海外FXの取引時間について徹底解説
海外FX(外国為替証拠金取引)は、世界中のトレーダーにとって24時間いつでも参加可能な魅力的な市場です。しかし、取引時間には明確なルールと特性があり、それを理解することは戦略的な取引において非常に重要です。この記事では、海外FXの取引時間について詳しく解説し、各市場の特徴や取引のベストタイムについても紹介します。
海外FXは基本的に月曜早朝から土曜早朝まで取引可能
海外FXは、日曜日のニュージーランド市場(ウェリントン)から始まり、金曜日のアメリカ市場(ニューヨーク)が閉まるまで24時間連続して取引が行われます。日本時間では、以下のような取引時間帯になります。
- 月曜日 午前6時頃から取引開始(夏時間の場合は午前7時)
- 土曜日 午前6時頃に取引終了(夏時間の場合は午前7時)
ただし、使用しているFX業者によって取引開始・終了の時刻は多少前後しますので、各ブローカーの取引時間を確認することが重要です。
世界の4大マーケットと時間帯
海外FX市場では、以下の4つの主要市場が存在し、それぞれが重なる時間帯に最も活発な値動きが起こります。
1. ウェリントン市場(ニュージーランド)
- 日本時間:午前6時~午後2時(夏時間中は午前5時~午後1時)
- 世界で最も早く開く市場ですが、取引量は比較的少なめです。
2. シドニー市場(オーストラリア)
- 日本時間:午前7時~午後3時(夏時間中は午前6時~午後2時)
- アジア市場の前哨戦として注目されます。
3. 東京市場(日本)
- 日本時間:午前9時~午後5時
- アジア時間帯のメインマーケットで、特に円絡みの通貨ペアに注目が集まります。
4. ロンドン市場(イギリス)
- 日本時間:午後4時~午前1時(夏時間中は午後3時~午前0時)
- 世界最大の取引量を誇り、ユーロ・ポンド・ドル関連の通貨が活発に取引されます。
5. ニューヨーク市場(アメリカ)
- 日本時間:午後9時~午前6時(夏時間中は午後8時~午前5時)
- ロンドン市場との重複時間(午後9時〜午前1時)が特にボラティリティが高く、多くのトレーダーが注目します。
取引に最適な時間帯とは?
最も取引が活発になるのは、市場同士の重複時間帯です。特に以下の2つがハイボラティリティで有名です。

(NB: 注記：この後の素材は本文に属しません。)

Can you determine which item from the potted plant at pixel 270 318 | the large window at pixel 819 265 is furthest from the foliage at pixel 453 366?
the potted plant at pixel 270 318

- ロンドン市場とニューヨーク市場の重複(午後9時〜午前1時)
- 東京市場とロンドン市場の切り替え(午後4時前後)
この時間帯は、流動性が高まりスプレッドが縮小するため、短期売買やスキャルピングに適しています。
海外FX業者による違い
取引時間は原則24時間連続ですが、ブローカーごとに以下の点で違いが出ることがあります。

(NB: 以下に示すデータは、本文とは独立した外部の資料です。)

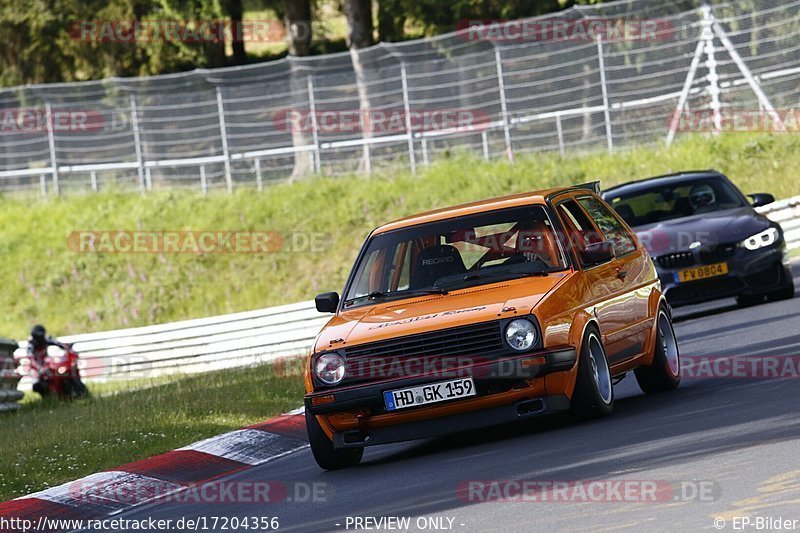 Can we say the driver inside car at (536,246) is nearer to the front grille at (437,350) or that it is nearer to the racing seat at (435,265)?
the racing seat at (435,265)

- サーバー時間の違い(GMT+0やGMT+2など)
- 取引プラットフォーム(MT4/MT5)のチャート始値の違い
- 週末の取引停止タイミングの差(日本時間で数分異なる場合あり)
そのため、複数の業者を利用する場合や、厳密な時間管理が必要な戦略を使う場合は、事前に取引時間を確認しておくことが重要です。
夏時間(サマータイム)の影響
ヨーロッパ(ロンドン)やアメリカ(ニューヨーク)ではサマータイムを導入しており、取引時間に1時間のズレが発生します。
- サマータイム期間:3月の最終日曜〜10月の最終日曜
- これにより、日本時間でのロンドン・ニューヨーク市場の開始時刻が1時間早くなります。

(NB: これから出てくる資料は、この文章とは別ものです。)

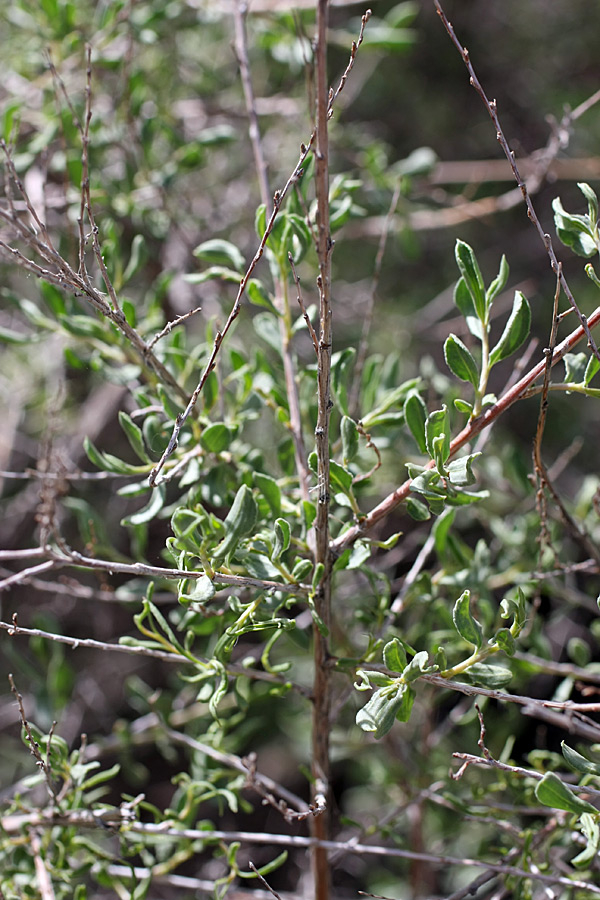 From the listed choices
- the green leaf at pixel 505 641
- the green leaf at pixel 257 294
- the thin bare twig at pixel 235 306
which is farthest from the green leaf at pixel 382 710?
the green leaf at pixel 257 294

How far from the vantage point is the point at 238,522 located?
77 centimetres

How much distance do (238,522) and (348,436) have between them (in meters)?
0.17

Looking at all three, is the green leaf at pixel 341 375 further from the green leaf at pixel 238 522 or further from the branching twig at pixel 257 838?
the branching twig at pixel 257 838

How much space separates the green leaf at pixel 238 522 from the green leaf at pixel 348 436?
14cm

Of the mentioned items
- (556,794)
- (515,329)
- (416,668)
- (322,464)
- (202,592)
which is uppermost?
(515,329)

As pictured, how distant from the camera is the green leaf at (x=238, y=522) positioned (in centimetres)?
77

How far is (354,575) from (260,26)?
124 centimetres

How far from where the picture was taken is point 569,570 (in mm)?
997

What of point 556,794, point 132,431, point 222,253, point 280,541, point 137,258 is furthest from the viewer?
point 137,258

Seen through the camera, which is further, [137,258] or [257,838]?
[137,258]

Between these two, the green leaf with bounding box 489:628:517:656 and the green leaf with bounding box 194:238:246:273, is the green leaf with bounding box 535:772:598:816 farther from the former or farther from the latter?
the green leaf with bounding box 194:238:246:273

この変化を把握していないと、重要な経済指標発表の時間などを見誤る可能性があります。
土日は取引不可
土曜日午前6時以降から日曜日午後までは、すべてのFX市場がクローズし、新規注文やポジションの変更は基本的に行えません。ただし、一部の暗号通貨CFDなどは例外的に土日でも取引可能なことがあります。
まとめ
海外FXの取引時間は、24時間対応でありながらも、時間帯ごとの市場の特徴を理解することが重要です。特に市場の重複時間は取引チャンスが多く、スプレッドも縮小傾向にあるため、積極的な取引を行うには理想的なタイミングです。また、ブローカーごとの仕様やサマータイムの変更にも注意し、最適な取引戦略を練ることが成功への鍵となります。